Although CSS resets can be used independently of a full-fledged framework, it can quickly become tedious to consistently reapply many of the more ubiquitous rules. Thankfully, again these rules can also be encoded in style sheets and reused many times over. Even better, not only can ubiquitous presentational styles be encoded in CSS, but so too can best practices regarding every aspect of visual presentation. In this sense, a style sheet library becomes much more like an actual brick-and-mortar library, housing the accumulated knowledge of thousands upon thousands of developers who have already previously struggled with and overcome the challenges you might face in your day-to-day development work.
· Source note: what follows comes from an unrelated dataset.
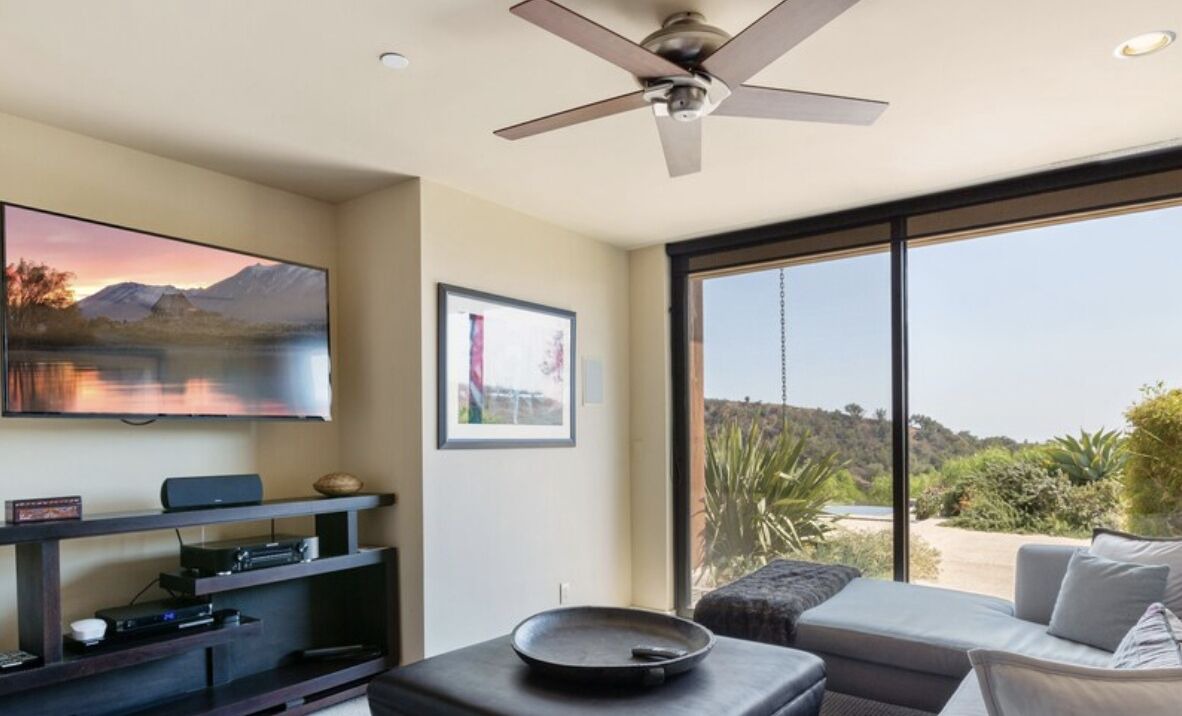 Photo of Livingroom in Santa Barbara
Taking advantage of this awesome resource is another major reason to use CSS frameworks. For the inexperienced developer, they can serve as a useful guide for how to accomplish tasks in both technical and design challenges more effectively. It therefore comes as little surprise to us that the resurgence of grid-based design, which is a century-old typographical and layout concept, occurred simultaneously with the rise and development of CSS frameworks.

Before we dive too deeply into the technical aspects of CSS frameworks, let's first examine one of the best practice methodologies that such frameworks help enforce.

Designing to the grid

Grid-based design has its roots in twentieth-century graphic design. The primary concept behind the practice, “the grid,” is to define page layout based on the size and ratios of the destination medium. In the 1900s, this medium was most commonly a piece of paper, and so early schools of thought applied grid-based design largely through typographic works.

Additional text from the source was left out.